■ **Task to carry out**:
Output each line of the data below exactly, omitting any image.

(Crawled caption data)

=-=-=-=-=

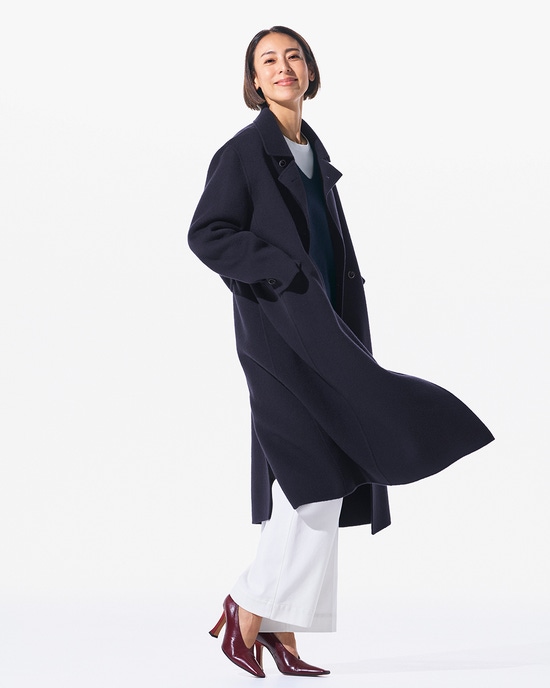 ピュアウールリバー・ダブルブレストロングコート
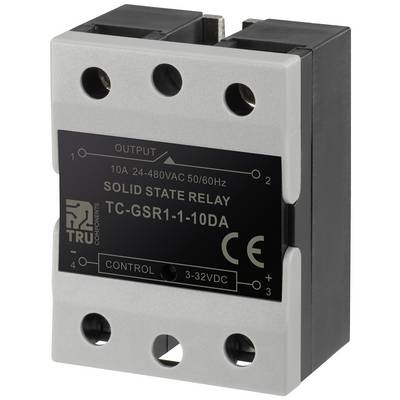 Un relais statique portant l'inscription 'Solid State Relay TC-GSR1-1-10DA', 10A, 24-480VAC, 3-32VDC, sur un fond blanc.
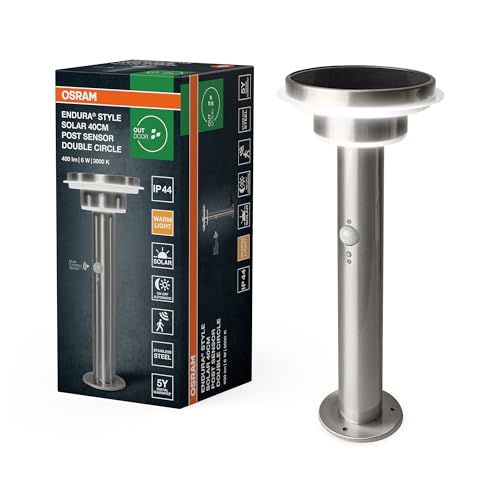 Osram Applique Da Parete Per Esterni A Led Solare Endura Style In Acciaio Inox, Sensore Di Movimento E Luce, 3 Modalità, Ip44, Design Elegante Per Ter
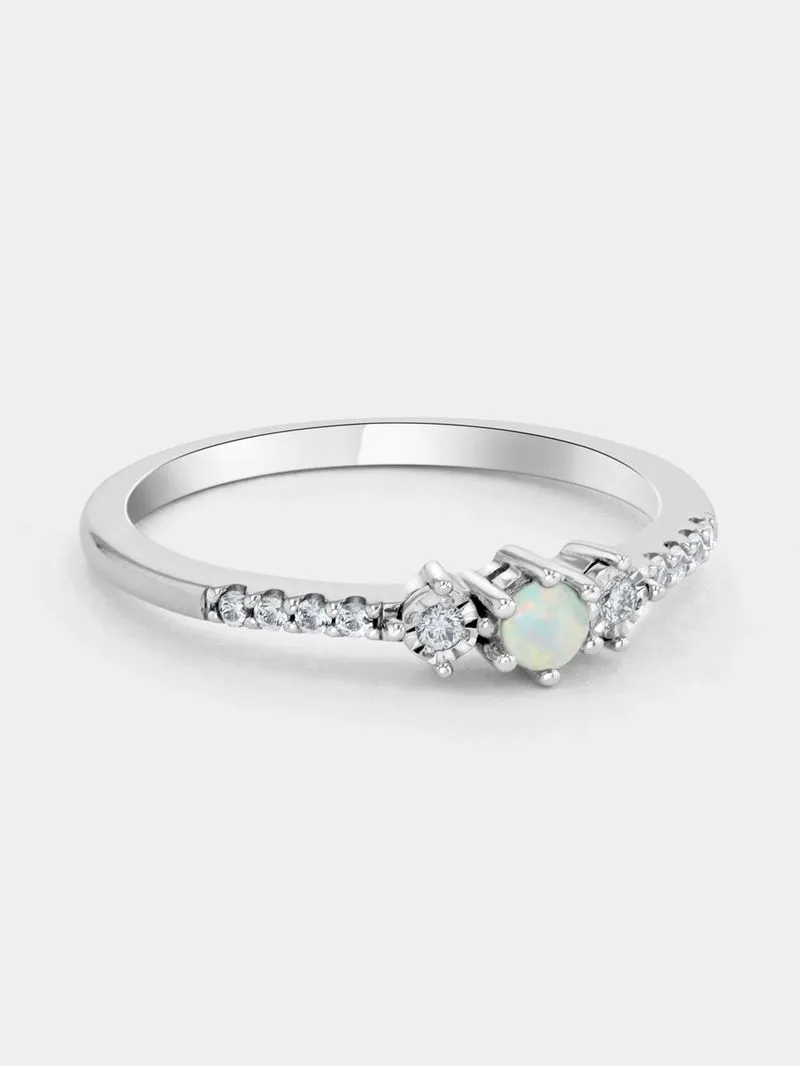 Sterling Silver Diamond & Created Opal Yesterday, Today & Forever Ring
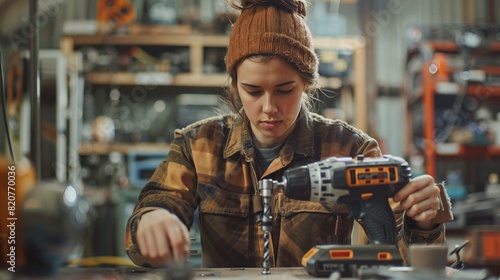 Focused Metalwork: Young Woman in Home Workshop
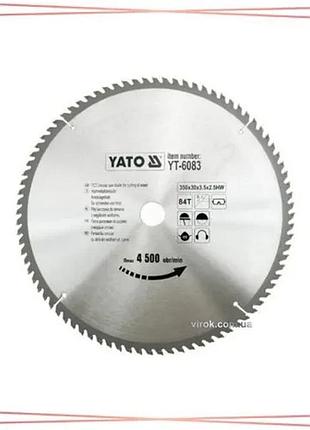 Диск пильный победитовый по дереву yato 350х30х3,5х2,5 мм 84 зуба до 4500 об/мин для распиловки древес sku_yt-6083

=-=-=-=-=

■ **Task response**:
 ピュアウールリバー・ダブルブレストロングコート
 Un relais statique portant l'inscription 'Solid State Relay TC-GSR1-1-10DA', 10A, 24-480VAC, 3-32VDC, sur un fond blanc.
 Osram Applique Da Parete Per Esterni A Led Solare Endura Style In Acciaio Inox, Sensore Di Movimento E Luce, 3 Modalità, Ip44, Design Elegante Per Ter
 Sterling Silver Diamond & Created Opal Yesterday, Today & Forever Ring
 Focused Metalwork: Young Woman in Home Workshop
 Диск пильный победитовый по дереву yato 350х30х3,5х2,5 мм 84 зуба до 4500 об/мин для распиловки древес sku_yt-6083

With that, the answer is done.